The first step to joining the playgroup had been an application for enrolment. This process was to see if Jessica was sufficiently delayed. It didn't take long to receive the acceptance letter in the mail. The first morning we were to attend, my husband and I stood in front of the gated and locked fences of the school with Jessica. My heart pounded and I was scared. It didn't look friendly and it wasn't the place I wanted to be. 

With a deep breath, we entered the admin building, then proceeded to the SEDU block, where we were warmly welcomed which helped put me at ease. The playgroup was highly structured with gross motor, fine motor, sensory and language activities. Other families joined and I've been fortunate enough to still have those friendships.

From playgroup, Jessica moved to Pre-Prep. She attended the special school class and the local C&K kindergarten where her older siblings had gone. There had been no barriers or gatekeepers at the kindy and Jessica was welcomed with open arms.

Pre-Prep was a positive experience for Jessica, though we quickly saw a difference in the two settings. At the special school Jessica was in a group with boys who had autism and were nonverbal. She quickly began to mimick their behaviours and wouldn't speak while she was in the classroom. She was also asking for help constantly and not doing the things we knew she could do. The special school teacher also seemed to be obsessed with her toileting and bowel movements. The C&K kindy gave us the impression that they were interested in Jessica as a whole child. Like at the special. ed. school she mimicked the children there. The difference being the children spoke and used the toilet... so that's what Jessica did. Basically, Jessica was doing so much more in the mainstream setting. The kindy wanted Jessica to write her name, sit on the carpet for lessons, and do what the other children were doing, which was so much more than the children at the special school. They also did gross and fine motor activities and worked on routines for preparing her for school.

At the end of Pre-Prep, we had a decision to make. We could send Jessica to the special school, or she could repeat Pre-Prep, or she could go to the local mainstream school for Prep. That was the school where I taught and Jessica's siblings went.

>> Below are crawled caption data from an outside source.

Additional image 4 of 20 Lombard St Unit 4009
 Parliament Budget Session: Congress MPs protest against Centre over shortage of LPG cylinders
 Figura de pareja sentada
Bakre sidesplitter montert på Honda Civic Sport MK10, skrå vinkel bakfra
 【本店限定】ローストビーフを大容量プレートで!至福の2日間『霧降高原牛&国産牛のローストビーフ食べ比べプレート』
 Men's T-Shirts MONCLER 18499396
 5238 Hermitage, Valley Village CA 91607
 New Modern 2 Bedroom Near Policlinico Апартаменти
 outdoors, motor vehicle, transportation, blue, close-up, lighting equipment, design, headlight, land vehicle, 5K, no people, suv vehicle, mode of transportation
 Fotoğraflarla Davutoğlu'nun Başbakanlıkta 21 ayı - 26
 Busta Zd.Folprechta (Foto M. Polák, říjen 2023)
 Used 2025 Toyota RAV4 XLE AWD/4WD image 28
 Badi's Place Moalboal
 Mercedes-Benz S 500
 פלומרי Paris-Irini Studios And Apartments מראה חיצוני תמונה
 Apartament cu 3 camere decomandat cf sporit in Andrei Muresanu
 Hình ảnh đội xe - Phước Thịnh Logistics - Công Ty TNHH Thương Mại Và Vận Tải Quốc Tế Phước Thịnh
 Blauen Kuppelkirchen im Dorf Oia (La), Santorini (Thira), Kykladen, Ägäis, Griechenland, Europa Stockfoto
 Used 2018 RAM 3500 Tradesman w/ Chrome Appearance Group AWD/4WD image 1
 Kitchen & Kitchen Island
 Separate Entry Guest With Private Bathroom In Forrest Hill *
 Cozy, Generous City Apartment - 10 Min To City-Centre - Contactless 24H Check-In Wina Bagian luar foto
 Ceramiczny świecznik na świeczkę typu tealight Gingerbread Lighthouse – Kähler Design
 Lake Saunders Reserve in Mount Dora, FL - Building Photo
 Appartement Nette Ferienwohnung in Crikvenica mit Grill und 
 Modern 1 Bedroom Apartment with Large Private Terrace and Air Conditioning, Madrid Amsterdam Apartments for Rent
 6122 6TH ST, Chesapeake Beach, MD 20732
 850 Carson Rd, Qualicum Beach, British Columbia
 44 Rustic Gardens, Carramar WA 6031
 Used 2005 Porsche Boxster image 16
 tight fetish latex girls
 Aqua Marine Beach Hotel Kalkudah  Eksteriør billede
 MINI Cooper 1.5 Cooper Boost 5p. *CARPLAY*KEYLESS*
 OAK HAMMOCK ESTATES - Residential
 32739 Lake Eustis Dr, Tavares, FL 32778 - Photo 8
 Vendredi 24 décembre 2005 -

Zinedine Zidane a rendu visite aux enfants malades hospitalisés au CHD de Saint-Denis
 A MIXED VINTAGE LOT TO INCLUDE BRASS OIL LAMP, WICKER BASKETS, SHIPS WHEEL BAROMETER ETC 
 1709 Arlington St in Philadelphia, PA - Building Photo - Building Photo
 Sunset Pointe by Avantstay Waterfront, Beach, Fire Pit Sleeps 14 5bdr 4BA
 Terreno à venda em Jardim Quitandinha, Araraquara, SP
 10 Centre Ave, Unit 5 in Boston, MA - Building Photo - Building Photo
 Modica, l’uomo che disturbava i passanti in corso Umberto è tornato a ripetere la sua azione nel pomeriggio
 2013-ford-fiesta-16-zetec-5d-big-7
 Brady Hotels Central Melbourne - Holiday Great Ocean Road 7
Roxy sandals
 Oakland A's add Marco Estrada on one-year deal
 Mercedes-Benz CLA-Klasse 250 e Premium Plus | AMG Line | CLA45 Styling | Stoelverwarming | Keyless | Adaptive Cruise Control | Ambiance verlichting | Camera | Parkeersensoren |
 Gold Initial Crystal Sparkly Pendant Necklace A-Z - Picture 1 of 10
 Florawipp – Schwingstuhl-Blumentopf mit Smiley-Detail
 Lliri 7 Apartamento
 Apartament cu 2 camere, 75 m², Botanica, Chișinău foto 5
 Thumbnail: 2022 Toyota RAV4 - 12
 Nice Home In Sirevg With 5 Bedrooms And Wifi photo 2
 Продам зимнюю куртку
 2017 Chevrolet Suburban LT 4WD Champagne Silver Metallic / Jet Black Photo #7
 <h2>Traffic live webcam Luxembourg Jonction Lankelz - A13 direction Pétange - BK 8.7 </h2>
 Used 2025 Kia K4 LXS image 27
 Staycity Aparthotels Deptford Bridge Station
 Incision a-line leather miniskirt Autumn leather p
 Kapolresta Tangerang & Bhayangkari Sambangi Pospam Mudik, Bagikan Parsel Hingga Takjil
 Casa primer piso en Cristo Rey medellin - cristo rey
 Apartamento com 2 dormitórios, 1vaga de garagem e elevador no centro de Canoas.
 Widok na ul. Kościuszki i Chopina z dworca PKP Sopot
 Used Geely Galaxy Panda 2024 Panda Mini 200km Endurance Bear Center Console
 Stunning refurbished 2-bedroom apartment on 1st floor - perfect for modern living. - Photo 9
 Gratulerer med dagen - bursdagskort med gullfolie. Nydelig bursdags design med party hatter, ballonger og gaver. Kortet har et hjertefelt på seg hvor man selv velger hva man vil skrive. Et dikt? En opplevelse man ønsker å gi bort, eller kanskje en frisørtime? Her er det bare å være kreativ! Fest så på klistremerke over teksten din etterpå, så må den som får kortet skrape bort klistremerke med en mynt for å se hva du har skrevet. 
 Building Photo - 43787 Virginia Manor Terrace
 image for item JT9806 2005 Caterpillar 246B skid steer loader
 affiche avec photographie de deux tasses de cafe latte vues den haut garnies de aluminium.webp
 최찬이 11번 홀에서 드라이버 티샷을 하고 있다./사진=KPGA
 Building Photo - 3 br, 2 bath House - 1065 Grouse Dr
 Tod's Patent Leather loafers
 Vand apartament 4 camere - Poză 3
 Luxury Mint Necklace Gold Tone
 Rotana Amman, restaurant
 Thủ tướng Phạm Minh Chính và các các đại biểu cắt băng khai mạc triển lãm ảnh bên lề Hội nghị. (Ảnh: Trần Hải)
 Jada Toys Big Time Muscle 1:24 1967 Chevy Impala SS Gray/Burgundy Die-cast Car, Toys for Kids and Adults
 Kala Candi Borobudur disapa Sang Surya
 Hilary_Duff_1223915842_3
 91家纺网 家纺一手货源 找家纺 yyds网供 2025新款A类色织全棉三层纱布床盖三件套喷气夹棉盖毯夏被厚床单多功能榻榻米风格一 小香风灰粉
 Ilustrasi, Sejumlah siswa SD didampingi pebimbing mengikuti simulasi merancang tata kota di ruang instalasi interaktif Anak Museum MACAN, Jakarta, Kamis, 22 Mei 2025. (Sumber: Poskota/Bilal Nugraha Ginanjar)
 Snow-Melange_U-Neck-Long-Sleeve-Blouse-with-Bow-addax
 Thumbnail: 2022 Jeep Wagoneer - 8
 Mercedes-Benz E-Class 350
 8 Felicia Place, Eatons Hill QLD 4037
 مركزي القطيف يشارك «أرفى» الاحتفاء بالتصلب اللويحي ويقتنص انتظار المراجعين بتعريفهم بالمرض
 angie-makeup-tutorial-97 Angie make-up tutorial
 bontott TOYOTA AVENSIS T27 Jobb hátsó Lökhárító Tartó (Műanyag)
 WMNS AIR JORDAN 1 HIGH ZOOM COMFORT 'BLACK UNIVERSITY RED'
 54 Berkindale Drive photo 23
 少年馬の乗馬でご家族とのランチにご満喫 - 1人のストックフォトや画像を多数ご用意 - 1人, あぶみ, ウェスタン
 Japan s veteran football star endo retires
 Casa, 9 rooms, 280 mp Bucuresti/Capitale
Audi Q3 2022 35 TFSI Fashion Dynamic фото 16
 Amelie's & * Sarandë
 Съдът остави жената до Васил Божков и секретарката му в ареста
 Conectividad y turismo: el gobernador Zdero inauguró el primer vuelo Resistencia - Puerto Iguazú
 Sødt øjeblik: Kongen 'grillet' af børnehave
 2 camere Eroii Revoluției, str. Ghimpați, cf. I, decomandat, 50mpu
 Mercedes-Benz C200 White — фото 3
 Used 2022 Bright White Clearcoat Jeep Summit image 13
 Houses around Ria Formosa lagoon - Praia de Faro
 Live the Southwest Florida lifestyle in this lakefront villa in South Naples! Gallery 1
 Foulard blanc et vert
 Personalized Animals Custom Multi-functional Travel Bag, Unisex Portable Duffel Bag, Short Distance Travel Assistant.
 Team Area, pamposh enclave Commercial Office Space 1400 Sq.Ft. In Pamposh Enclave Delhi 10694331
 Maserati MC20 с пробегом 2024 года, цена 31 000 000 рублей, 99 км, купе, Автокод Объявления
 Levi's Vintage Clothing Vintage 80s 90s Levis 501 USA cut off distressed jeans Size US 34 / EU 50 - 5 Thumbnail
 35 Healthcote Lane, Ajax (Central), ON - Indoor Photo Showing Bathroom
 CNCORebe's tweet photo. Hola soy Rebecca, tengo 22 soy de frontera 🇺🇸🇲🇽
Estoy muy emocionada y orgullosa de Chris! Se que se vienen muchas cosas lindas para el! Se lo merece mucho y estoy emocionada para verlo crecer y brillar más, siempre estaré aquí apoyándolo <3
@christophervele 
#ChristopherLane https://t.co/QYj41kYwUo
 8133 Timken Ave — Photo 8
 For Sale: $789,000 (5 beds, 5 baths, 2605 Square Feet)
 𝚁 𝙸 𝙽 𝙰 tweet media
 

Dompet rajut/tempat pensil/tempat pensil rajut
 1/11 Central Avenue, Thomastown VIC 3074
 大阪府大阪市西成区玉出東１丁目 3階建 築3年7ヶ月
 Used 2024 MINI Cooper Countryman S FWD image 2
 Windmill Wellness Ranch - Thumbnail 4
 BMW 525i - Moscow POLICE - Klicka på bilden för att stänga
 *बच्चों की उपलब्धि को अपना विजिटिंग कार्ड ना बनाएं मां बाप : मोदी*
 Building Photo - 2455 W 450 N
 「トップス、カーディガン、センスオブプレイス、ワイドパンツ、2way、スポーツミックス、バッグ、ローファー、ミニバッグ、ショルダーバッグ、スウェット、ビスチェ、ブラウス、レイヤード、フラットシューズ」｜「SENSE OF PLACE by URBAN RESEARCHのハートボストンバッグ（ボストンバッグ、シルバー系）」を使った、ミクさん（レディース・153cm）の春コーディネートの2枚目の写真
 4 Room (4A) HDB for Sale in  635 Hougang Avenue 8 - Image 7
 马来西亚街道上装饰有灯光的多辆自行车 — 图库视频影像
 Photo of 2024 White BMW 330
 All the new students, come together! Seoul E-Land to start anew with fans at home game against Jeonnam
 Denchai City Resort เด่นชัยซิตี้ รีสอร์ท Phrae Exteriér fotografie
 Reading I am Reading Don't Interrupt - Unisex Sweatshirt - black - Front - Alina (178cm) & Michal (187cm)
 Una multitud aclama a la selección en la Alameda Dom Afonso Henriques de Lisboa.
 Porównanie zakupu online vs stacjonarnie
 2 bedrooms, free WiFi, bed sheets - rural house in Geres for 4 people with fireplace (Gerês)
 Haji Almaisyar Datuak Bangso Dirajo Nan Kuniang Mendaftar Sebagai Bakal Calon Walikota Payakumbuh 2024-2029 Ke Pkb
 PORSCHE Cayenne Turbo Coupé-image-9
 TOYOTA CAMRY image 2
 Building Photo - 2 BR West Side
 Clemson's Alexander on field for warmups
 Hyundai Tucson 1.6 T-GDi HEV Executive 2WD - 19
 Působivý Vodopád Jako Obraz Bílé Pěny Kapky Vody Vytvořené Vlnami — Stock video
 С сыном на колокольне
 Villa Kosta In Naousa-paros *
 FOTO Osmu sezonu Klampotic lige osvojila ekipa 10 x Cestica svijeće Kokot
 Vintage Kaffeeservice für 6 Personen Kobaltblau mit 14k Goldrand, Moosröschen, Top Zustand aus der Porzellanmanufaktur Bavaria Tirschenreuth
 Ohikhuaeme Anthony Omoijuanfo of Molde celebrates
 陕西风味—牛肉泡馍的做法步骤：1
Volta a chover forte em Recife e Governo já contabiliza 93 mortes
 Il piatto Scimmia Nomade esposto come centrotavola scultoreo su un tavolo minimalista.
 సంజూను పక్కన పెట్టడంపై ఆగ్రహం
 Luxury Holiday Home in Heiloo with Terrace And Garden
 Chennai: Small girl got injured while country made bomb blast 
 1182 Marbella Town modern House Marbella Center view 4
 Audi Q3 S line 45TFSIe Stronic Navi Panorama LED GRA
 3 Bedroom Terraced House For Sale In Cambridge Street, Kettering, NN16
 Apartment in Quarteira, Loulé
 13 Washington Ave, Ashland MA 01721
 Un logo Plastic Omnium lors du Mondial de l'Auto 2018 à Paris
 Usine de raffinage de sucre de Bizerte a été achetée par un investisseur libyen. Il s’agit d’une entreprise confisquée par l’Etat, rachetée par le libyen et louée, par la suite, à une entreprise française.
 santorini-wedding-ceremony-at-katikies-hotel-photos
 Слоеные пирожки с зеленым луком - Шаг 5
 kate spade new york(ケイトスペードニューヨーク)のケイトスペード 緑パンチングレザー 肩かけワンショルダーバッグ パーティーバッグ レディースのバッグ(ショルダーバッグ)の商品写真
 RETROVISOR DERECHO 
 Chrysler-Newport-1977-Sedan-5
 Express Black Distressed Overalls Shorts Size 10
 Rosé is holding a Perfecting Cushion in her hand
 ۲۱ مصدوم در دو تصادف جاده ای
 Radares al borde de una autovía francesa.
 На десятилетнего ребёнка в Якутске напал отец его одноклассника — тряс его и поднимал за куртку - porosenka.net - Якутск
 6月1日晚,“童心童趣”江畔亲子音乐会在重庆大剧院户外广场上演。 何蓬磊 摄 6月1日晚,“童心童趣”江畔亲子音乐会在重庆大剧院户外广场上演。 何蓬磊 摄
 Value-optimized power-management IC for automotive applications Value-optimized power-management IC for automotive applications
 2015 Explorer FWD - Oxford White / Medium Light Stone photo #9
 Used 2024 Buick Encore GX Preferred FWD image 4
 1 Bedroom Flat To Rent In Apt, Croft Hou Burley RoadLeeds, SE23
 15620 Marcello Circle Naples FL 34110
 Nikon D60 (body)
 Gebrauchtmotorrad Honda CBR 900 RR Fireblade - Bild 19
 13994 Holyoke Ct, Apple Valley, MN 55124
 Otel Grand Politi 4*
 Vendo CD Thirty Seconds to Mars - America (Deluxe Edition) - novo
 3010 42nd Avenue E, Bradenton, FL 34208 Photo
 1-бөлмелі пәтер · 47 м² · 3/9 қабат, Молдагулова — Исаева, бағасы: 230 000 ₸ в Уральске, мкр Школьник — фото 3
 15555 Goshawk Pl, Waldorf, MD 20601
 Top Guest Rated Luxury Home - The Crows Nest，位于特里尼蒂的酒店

On reflection this should have been a no-brainer based on what I have has written, but at the time it was a really difficult decision. There was no one to talk to and we wanted the best for her. Should we hold Jessica back? Would she cope in mainstream school? Most children with DS go to the special school, so was that the best place for her?... So many thoughts. So many questions. We ended up writing down the pros and cons of each setting, the mainstream setting winning... but still we weren't prepared to jump fully into one.

We decided against holding her back at kindy. That left the option of special or mainstream and we couldn't decide. Fortunately, at that time there was the option of a dual placement so the child could test the waters in both settings. The principal at my school was very supportive and positive about having Jessica and her Prep teacher was happy as well. By the end of the first week of Prep Jessica had told us where she wanted to be. She only wanted to be at the school with her mum, sister, and brother... mainstream. We actually breathed a sigh of relief.  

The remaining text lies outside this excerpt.